My points were pretty straight forward, though you seem intent on twisting them... Your point was grounded in two ideas... first, black women have made a huge contribution to music (a point I agree with 100%) and secondly, that somehow that translates into "inequity" based on the number of times they have won an "individual" award when compared to their collective contribution (a relatively twisted theory based on some perverse application of equity).
My statistics showed that the music industry agrees with you that African Americans have made a huge contribution to the music industry, but individual blacks have disproportionately risen to the top with respect to the prestigious award, "Album of the Year" and African American men have done so disproportionately to African American women. Whether African American men have made a greater or lesser contribution to music is something for others to decide, but if I use your logic, then African American men have.

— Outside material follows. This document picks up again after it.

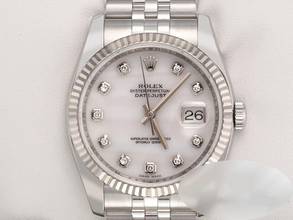 Rolex Datejust 36 36mm 116234 Steel White Gold 750 Cacholong Diamonds Automatic Stainless Steel 18kt White Gold Oyster Band Chronometer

But I don't buy that logic.
So, my point was pretty simple, using your subjective criteria, black women did not win Album of the Year often enough over the last 25 years relative to their "collective" contribution to the industry. And if "Album of the Year" were based on your subjective criteria for collective contribution, you might be right, since that is your opinion.
For the rest of us. If you can find evidence of discrimination using objective criteria, then I suspect most people would be with you. In your original post, you failed to provide that evidence.
I tried to use objective statistics to validate your assertion and found the objective evidence did not support your assertion. In fact, using objective evidence argues black female artists should have won Album of the Year, and that person did.
So, please use this as a textbook example, that if you want to persuade people of systemic racism, opinions don't work as well as facts.
I used Hispanic musicians to highlight the flaw in your logic tied to the idea that collective contribution to music should correlate positively with winning Album of the Year. But perhaps it went over your head. A Hispanic artist producing Hispanic music has little chance of winning Album of the Year in spite of that artist's or cumulative contribution of Hispanic artists to music simply because the appeal of their music remains limited to a subset of the American population and so is unlikely dominate any single year. Not winning Album of the Year takes nothing away from the artist or the contribution of Hispanic artists, it simply recognized that with one winner, artists with broad appeal are likely to win disproportionately rather than on some concept of racial equity.
Again, you have your right to your opinion regarding which black female artist that should have won in a given year that didn't. But those are subjective opinions.
What objective criteria in what year (like ticket sales, album sales, etc.) do you think a black woman did not win Album of the Year.